Maryono, pemuda asal Solo memiliki cara tersendiri untuk melawan lupa itu. Laporan pendangan mata tentang kesederhanaan hidup sehari – hari dan tradisi Jawa direkam dalam bentuk ukiran patung. Karya itu dinamakan Seni Liping, plesetan dari kata “living” dalam bahasa Inggris, yaitu cerita tentang kehidupan sehari – hari. Mengapa disebut Seni Liping, sederhana sekali ceritanya. Karena yang dibuat adalah tradisi Jawa dan karena kebanyakan orang Jawa zaman dahulu lebih enak dan mudah mengucapkan kata liping daripada living.
Dengan karya seni liping itu, Bejo Wage Suu begitu ia biasa disapa, ingin mengajak kita mengenang masa lalu yang penuh kesederhanaan, namun sarat dengan filosofi yang mempu membentuk karakter bangsa Indonesia, sabar, bersahaja dan bekerja keras. Bejo mencoba menciptakan media untuk mendekatkan budaya tradisional kepada generasi muda untuk dilestarikan agar tidak kehilangan citra diri bangsa. Rekaman kehidupan itu berbalik memberi babak kehidupan ekonomi yang lebih baik bagi penemunya.

Pada awalnya lelaki kelahiran Sukoharjo, 29 Juli 1974 ini bekerja sebagai tukang las bubut. Namun, tiba – tiba ia terinspirasi untuk keluar dari pekerjaanya dan membuka usaha sendiri. Bejo kala itu, belum tahu apa yang akan ia buat untuk melanjutkan hidup. Ia kemudian mencoba membuat kerajinan tangan dalam bentuk ukiran huruf dan syair puisi dari kayu yang dijual di pinggir jalan dan kampus. Tetapi hasilnya tidak cukup untuk membiayai hidup istri dan dua anaknya. Saat tengah menjajakan dagangan itulah, inspirasi untuk membuat rekaman hidup dalam ukiran patung datang. Bejo Wage Suu menamai karya ciptaanya sebagai Seni Liping dan timnya yang terdiri dari beberapa orang itu dinamai JOPAJAPU. JOPAJAPU sendiri adalah sebuah isyarat dimana kala itu bangsa kita, masyarkat kita, iklim negeri ini, dan kehidupan sosial masyarakat kita masih sangat sederhana dan bersahabat.

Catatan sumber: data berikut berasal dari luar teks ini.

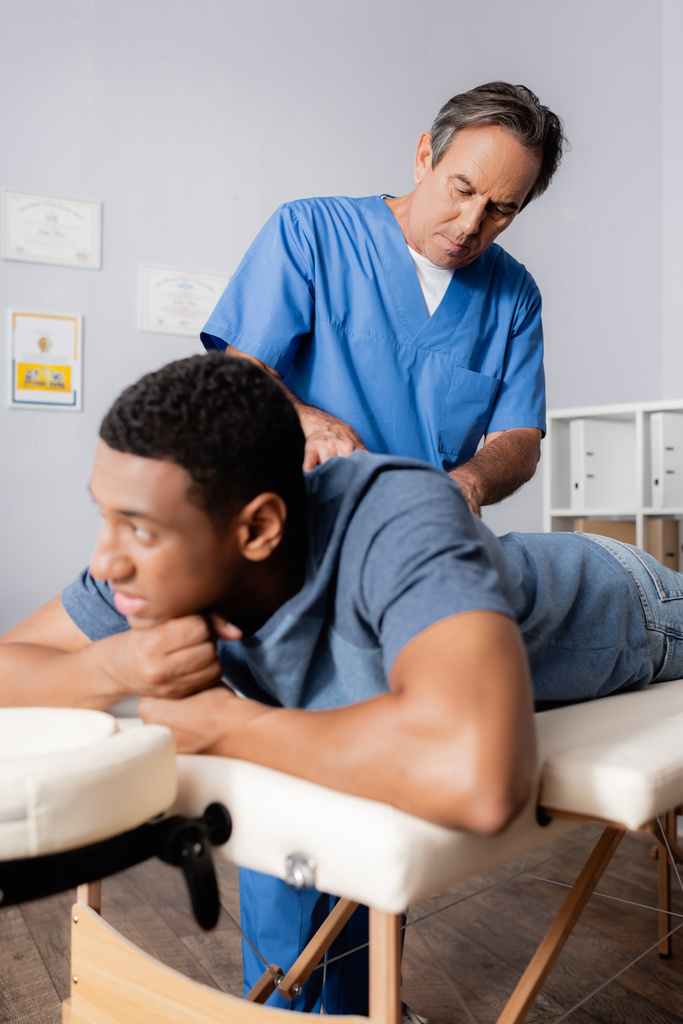 chiropratico di mezza età che lavora con un giovane paziente afroamericano in primo piano sfocato - Foto, immagini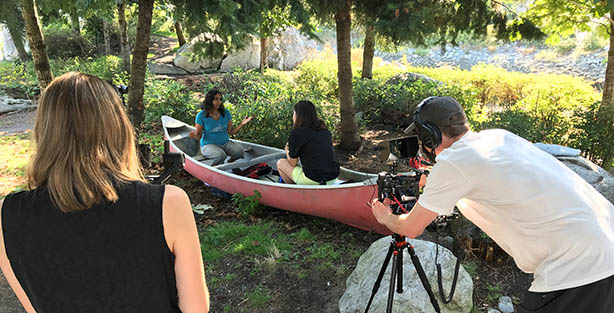 Person filming people in a canoe on grass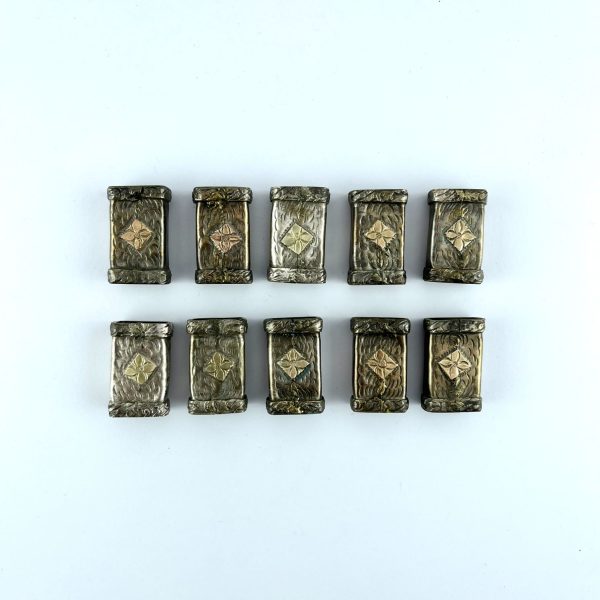 Conjunto de diez pasadores en plata y oro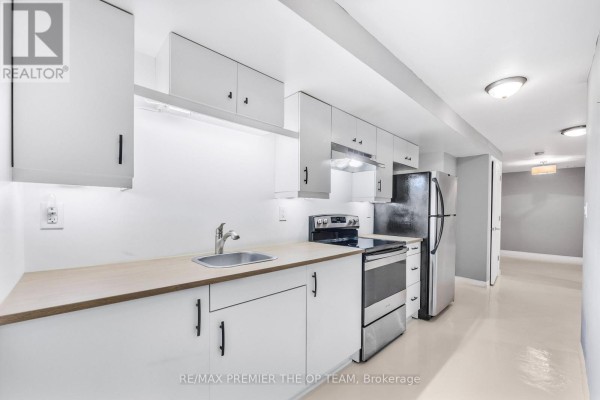 Small kitchen with white cabinets, a stainless steel sink, and appliances. - Lower - 223 Landsbridge Street, Caledon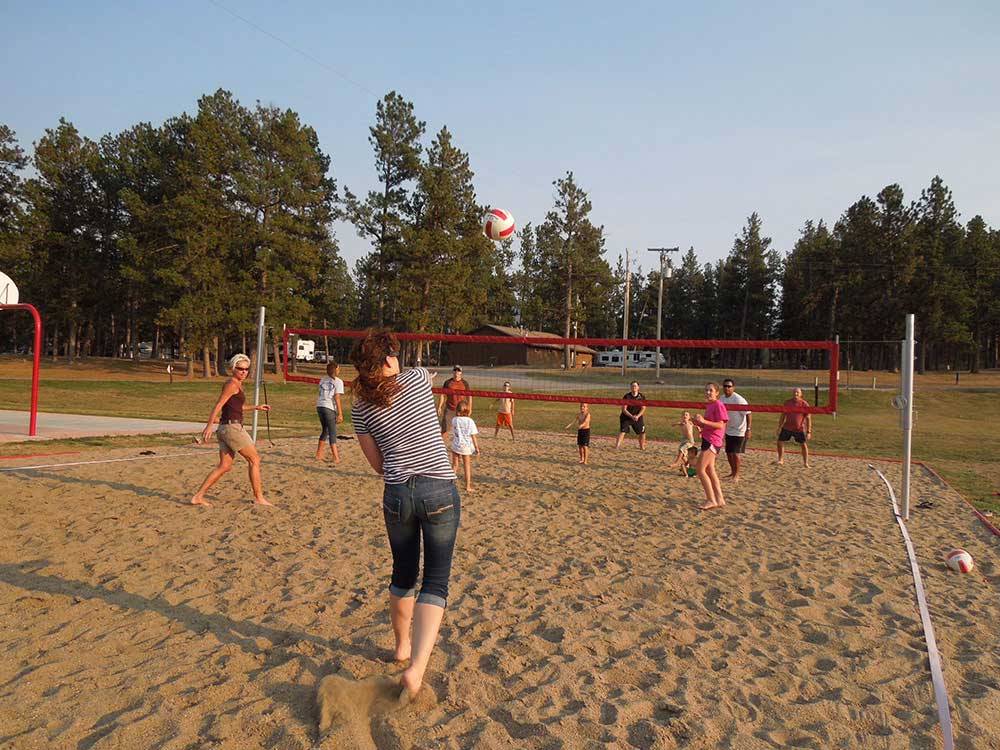 Campers playing volleyball at RAFTER J BAR RANCH CAMPING RESORT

Saat itu pada 1 Oktober 2002, Bejo prihatin melihat generasi muda yang sudah mulai merasa asing / aneh dengan tradisi atau kebiasaan sehari – hari masyarakat Jawa. Padahal menurut Bejo tradisi itu talah membesarkan dan membentuk karakter pola pikir orang tua mereka. Kebiasaan yang terlahir sebagai tradisi merupakan “warisan” daripada leluhur.
Dengan bahan olahan kayu pinus, Bejo terus bercerita tentang kehidupan keseharian masyarakat Jawa khususnya dan masyarakat Indonesia umumnya. Sebuah cita – cita akan angan – angan dari sekedar pemikiran sederhana yang akhirnya mampu memberikan kontribusi terhadap seni dan budaya daerah, yang menjadikan citra diri bangsa Indonesia sebagai bangsa timur yang plural dan berkepribadian.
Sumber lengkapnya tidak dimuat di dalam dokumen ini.